#### [GIVEN RECORDS]

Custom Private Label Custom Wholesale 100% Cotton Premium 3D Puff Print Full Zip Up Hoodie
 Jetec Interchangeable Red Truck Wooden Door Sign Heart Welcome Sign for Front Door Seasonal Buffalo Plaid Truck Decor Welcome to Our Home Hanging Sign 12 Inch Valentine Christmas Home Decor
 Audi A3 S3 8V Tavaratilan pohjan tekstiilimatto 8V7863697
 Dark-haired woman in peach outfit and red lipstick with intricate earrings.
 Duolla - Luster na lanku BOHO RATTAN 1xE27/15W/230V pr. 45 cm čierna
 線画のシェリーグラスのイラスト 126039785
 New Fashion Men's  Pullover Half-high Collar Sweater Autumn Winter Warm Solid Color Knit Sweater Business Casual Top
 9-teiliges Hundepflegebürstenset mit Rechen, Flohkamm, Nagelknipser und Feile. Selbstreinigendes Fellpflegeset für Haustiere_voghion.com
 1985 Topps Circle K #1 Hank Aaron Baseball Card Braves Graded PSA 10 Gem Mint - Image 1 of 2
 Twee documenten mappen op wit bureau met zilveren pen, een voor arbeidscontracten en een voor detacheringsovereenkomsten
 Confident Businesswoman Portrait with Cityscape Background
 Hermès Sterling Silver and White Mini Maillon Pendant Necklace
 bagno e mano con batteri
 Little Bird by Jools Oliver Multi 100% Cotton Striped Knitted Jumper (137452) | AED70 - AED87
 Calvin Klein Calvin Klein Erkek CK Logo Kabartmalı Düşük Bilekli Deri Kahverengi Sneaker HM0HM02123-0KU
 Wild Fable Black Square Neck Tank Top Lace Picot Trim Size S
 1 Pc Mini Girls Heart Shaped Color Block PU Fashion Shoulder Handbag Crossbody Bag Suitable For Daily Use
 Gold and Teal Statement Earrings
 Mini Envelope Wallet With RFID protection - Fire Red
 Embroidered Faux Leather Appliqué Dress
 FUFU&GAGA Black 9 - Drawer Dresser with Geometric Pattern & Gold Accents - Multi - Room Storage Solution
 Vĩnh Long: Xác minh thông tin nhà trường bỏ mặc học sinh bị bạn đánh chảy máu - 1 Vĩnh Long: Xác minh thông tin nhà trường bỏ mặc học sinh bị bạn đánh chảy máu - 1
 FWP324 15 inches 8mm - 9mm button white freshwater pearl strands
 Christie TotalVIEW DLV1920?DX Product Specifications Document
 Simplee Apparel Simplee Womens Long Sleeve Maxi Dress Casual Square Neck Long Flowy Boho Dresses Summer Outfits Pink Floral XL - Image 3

#### [INSTRUCTIONS FOR THE TASK]
From the line that holds "Christie TotalVIEW DLV1920?DX" to the last line of the records above, print each line exactly. Add nothing else.

#### [WRITTEN ANSWER]
 Christie TotalVIEW DLV1920?DX Product Specifications Document
 Simplee Apparel Simplee Womens Long Sleeve Maxi Dress Casual Square Neck Long Flowy Boho Dresses Summer Outfits Pink Floral XL - Image 3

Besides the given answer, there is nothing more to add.